[EXERCISE DESCRIPTION]
Starting at the line below that contains "Maison-Kitsune Jacquemus Le" and ending at the line that contains "Esterbauer Verlag - Radfernweg", retype each line exactly as it stands, but omit the pictures.

[THE RECORDS]

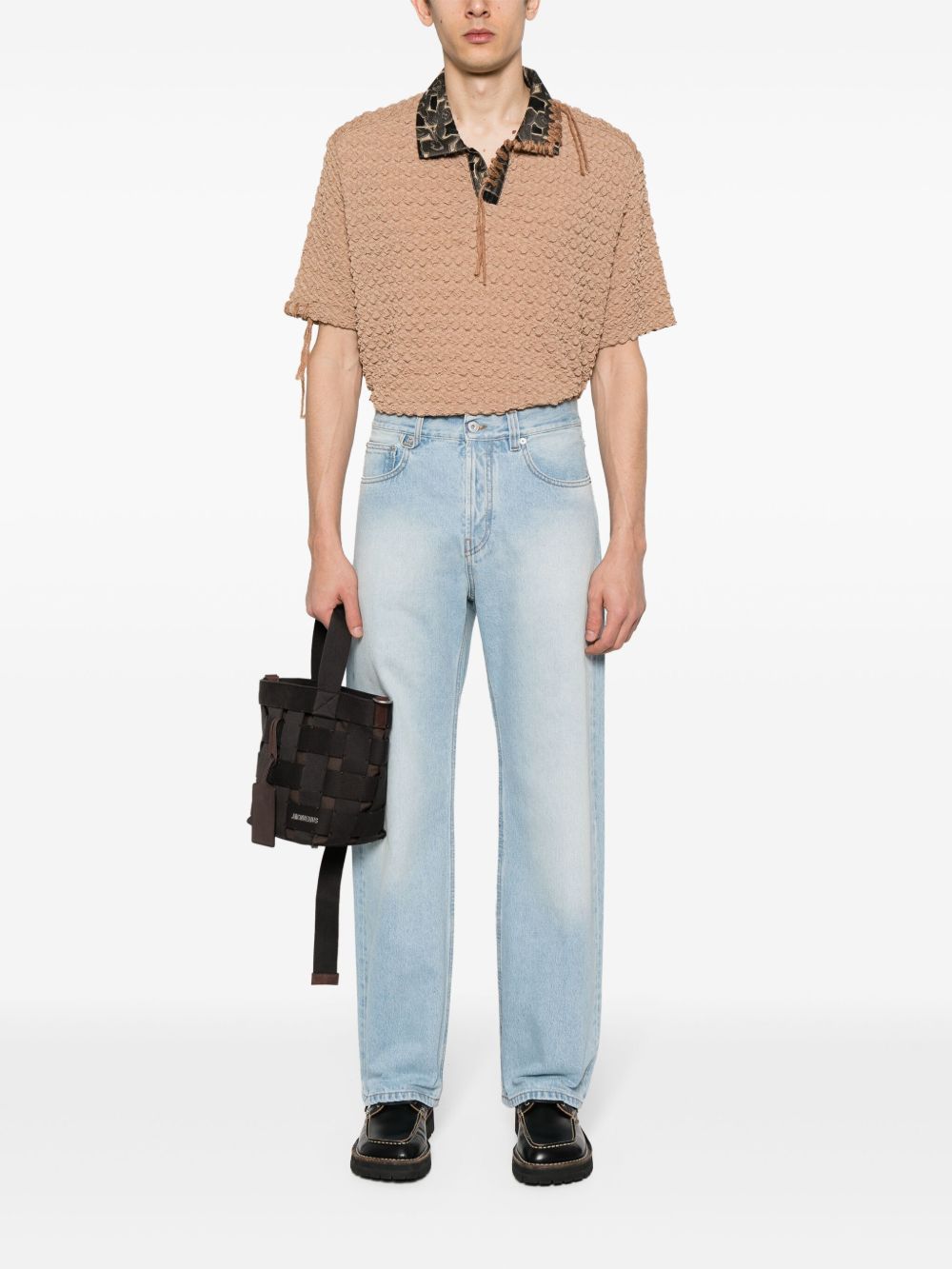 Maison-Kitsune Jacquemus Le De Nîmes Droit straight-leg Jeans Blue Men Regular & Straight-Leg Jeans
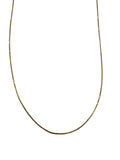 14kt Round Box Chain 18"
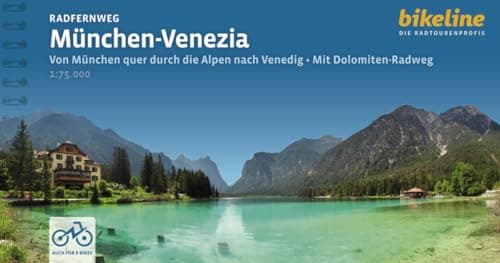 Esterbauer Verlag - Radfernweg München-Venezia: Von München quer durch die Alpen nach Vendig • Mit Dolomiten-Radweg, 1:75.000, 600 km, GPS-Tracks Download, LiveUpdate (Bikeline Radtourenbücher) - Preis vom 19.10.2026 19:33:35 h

==

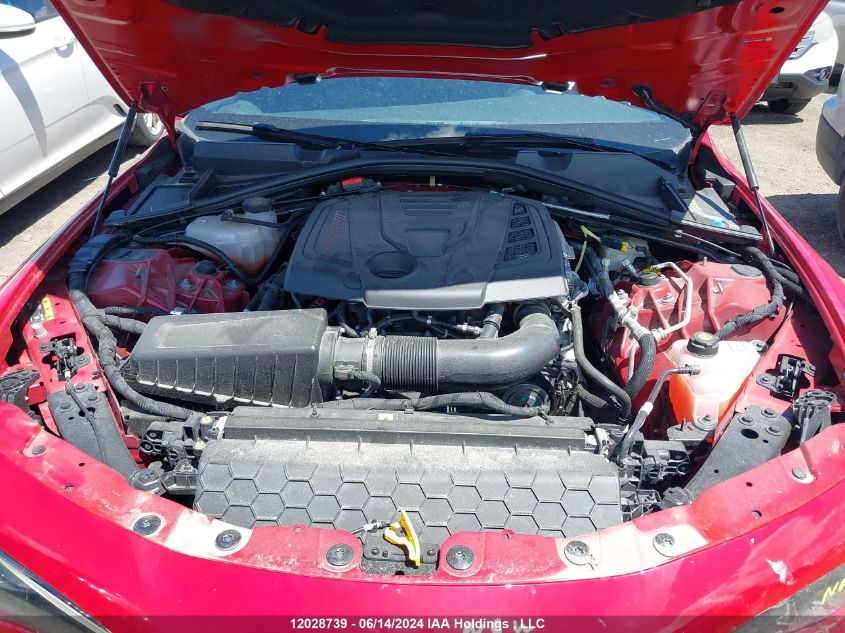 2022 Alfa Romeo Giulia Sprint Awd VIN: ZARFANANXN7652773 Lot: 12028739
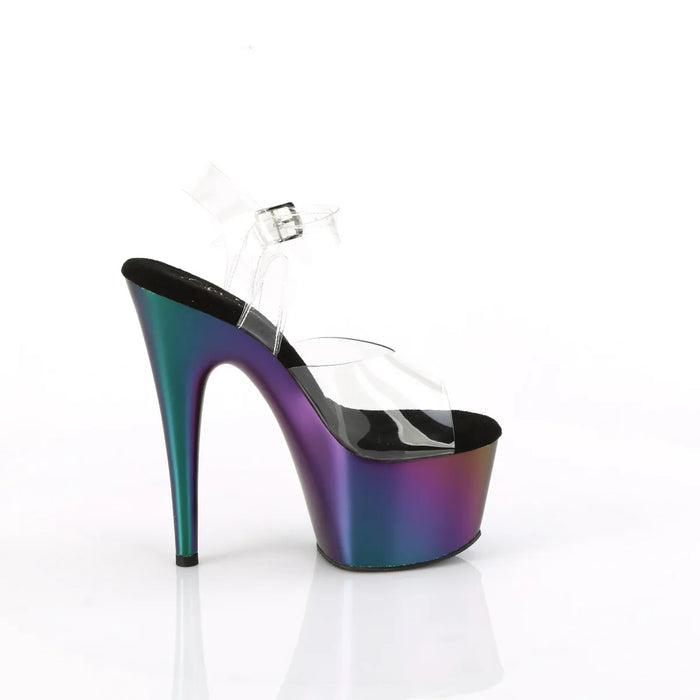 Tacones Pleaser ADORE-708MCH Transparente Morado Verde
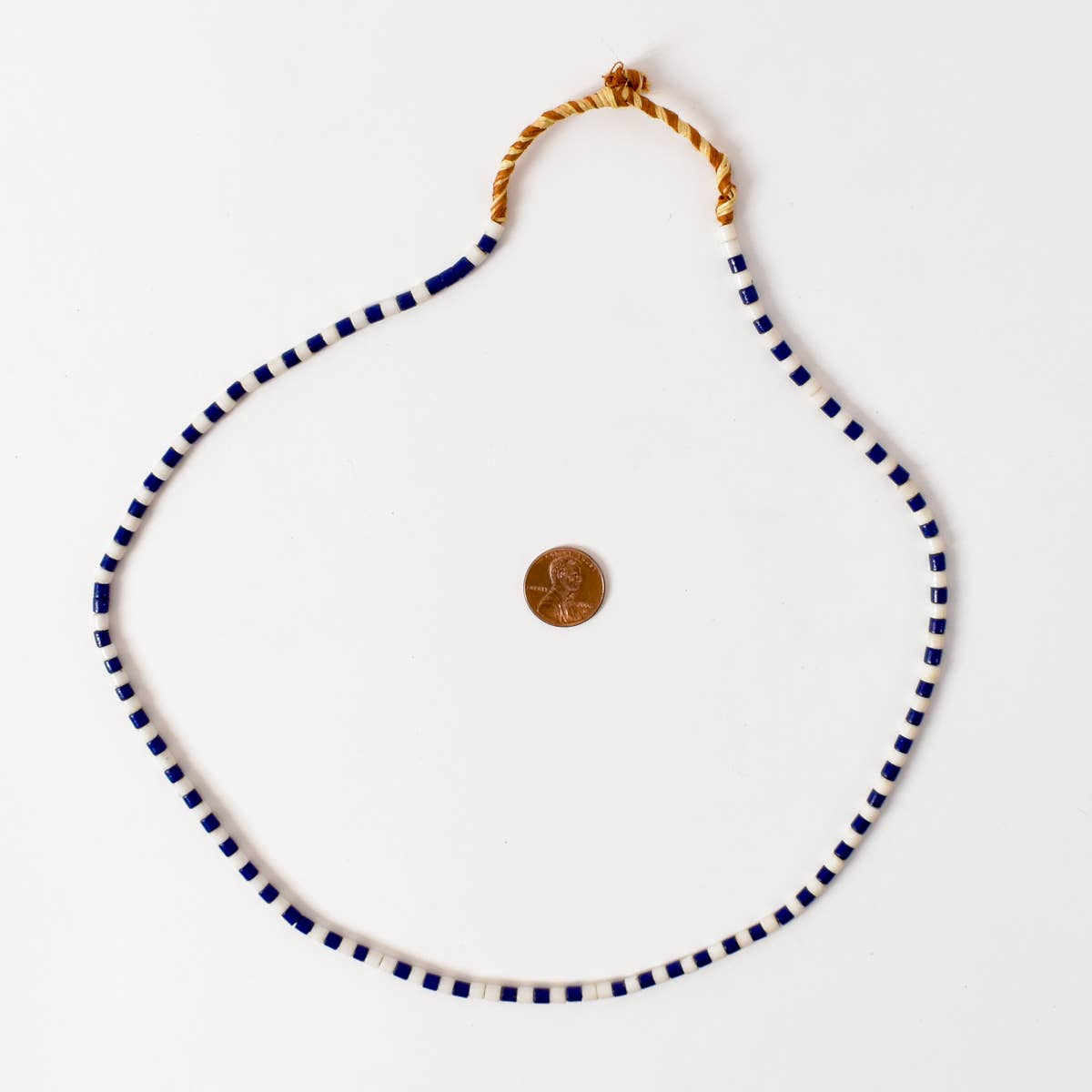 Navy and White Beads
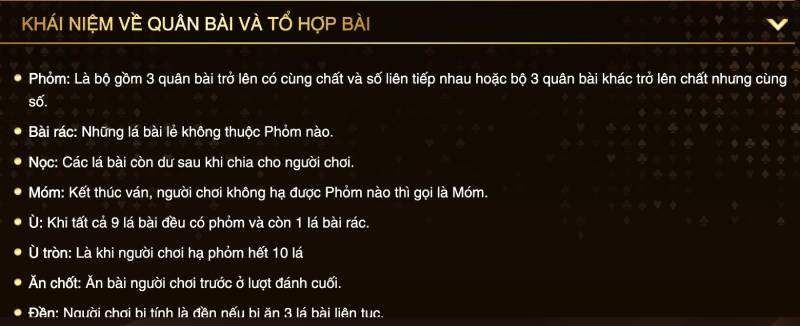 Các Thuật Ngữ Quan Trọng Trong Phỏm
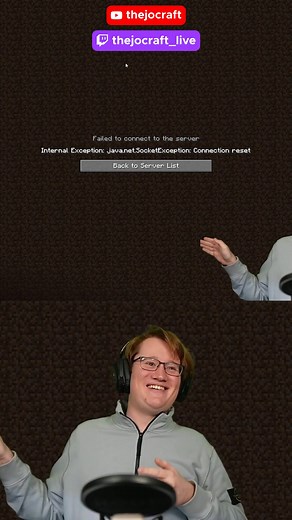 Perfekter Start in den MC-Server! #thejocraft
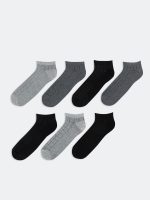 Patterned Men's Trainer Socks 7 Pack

[ANSWER TO THIS EXERCISE]
 Maison-Kitsune Jacquemus Le De Nîmes Droit straight-leg Jeans Blue Men Regular & Straight-Leg Jeans
 14kt Round Box Chain 18"
 Esterbauer Verlag - Radfernweg München-Venezia: Von München quer durch die Alpen nach Vendig • Mit Dolomiten-Radweg, 1:75.000, 600 km, GPS-Tracks Download, LiveUpdate (Bikeline Radtourenbücher) - Preis vom 19.10.2026 19:33:35 h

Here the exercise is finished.